Schweizer Jugendliche an Weltjugendtag
International

Schweizer Pilgerschar erlebt tiefgründige Weltjugendtage

Krakau, 28.7.16 (kath.ch) Der erste Tag des Weltjugendtages in Krakau war überschattet von Terrornachrichten aus Frankreich. Die 900 angereisten Jugendlichen aus der Schweiz erleben jedoch, wie sich trotz allem auch in der polnischen Kulturstadt die fröhlich-optimistische Stimmung durchsetzt, die Weltjugendtage bislang stets auszeichneten.

Vera Rüttimann

Wie einem magischen Strom folgend, lassen sich Jugendliche aus aller Welt durch die Ulica Grodzka zum pochenden Herz der Stadt führen, zum Rynek Glowny. Er gilt als der grösste mittelalterliche Marktplatz Europas. 40 Stadtpalais und unzählige Cafés umrahmen ihn. Zum Platz gelangt man durch das Florianstor, dessen Flanken die Weltjugendtags-Pilger zu einer riesigen Freilichtgalerie gemacht haben.

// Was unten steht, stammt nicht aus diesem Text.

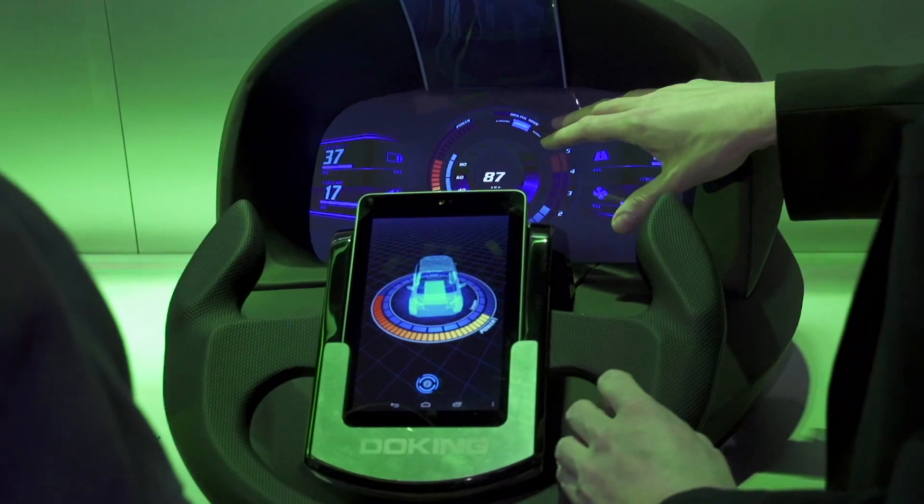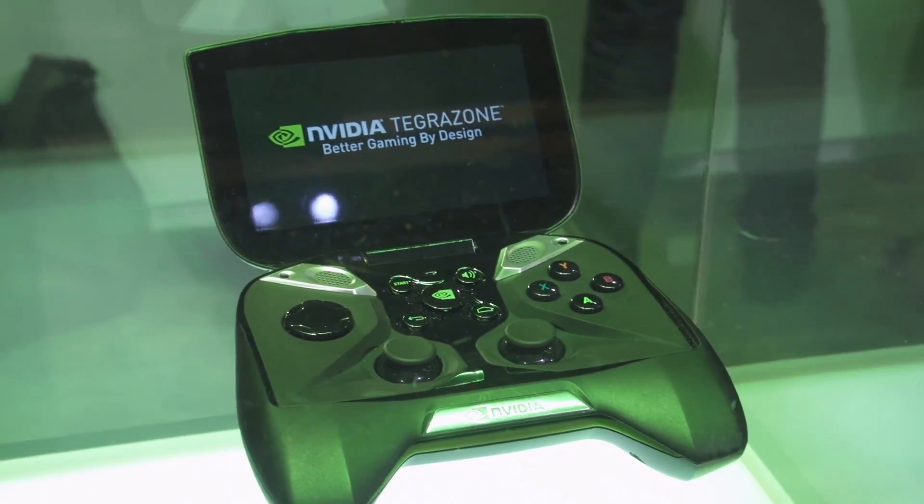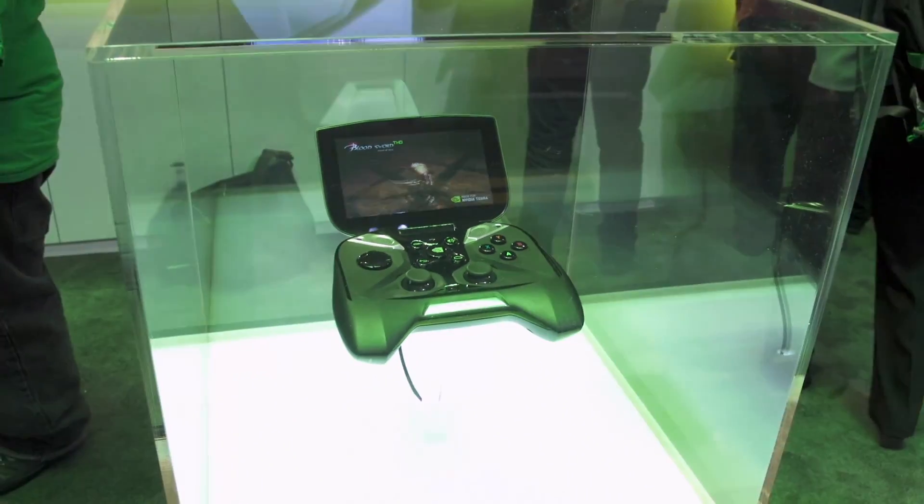The biggest difference for Tegra 4 is the amount of graphics horsepower. With Tegra 3, we had 12 GPU cores. Tegra 4 has 72 GPU cores. What that enables you to do is amazing stuff on the web — WebGL performance. We've got gaming experiences that are mind-blowing, with textures and shadows and stuff that you can barely see in a console.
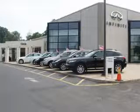Thank you for visiting Circle Infinity, where customer service means making your car buying experience as easy and enjoyable as possible.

Hier trifft sich die katholische Welt

Auf diesem Platz, auf dem die Pferdekutschen wie Perlen an einer Schnur aneinandergereiht stehen und zu Füssen der Marienkirche, trifft sich in diesen Tagen, zusammen mit ihren Gastgeber, die katholische Welt. Eine junge Frau, die im Starbucks am Rynek arbeitet, sagt: «Ich mag diese Stimmung. Wir Polen mögen es, wenn Menschen auf öffentlichen Plätzen singen und tanzen.»

Stimmung zwischen Freude und Trauer

Zentrum des Ryneks sind die berühmten Tuchhallen mit ihren holzverschalten Läden, die zu den ältesten der Welt gehören. Hier verdichtet sich das Krakauer Leben zu einem buntem Panoptikum aus Farben, Gerüchen und Geräuschen. Mit dem Zusatz «Weltjugendtag» ergibt dies eine umwerfende Stimmung.

Auch hier überall Fahnen und fröhlich singende Jugendliche.  Sie erobern die Wahrzeichen der Stadt, so auch den Wawel, die polnische Akropolis, wo einst die polnischen Könige residierten. Auch der Regen – ein starker Platzregen – kann die Stimmung nicht trüben. Musik, Tanz und neugierige Offenheit sind überall anzutreffen.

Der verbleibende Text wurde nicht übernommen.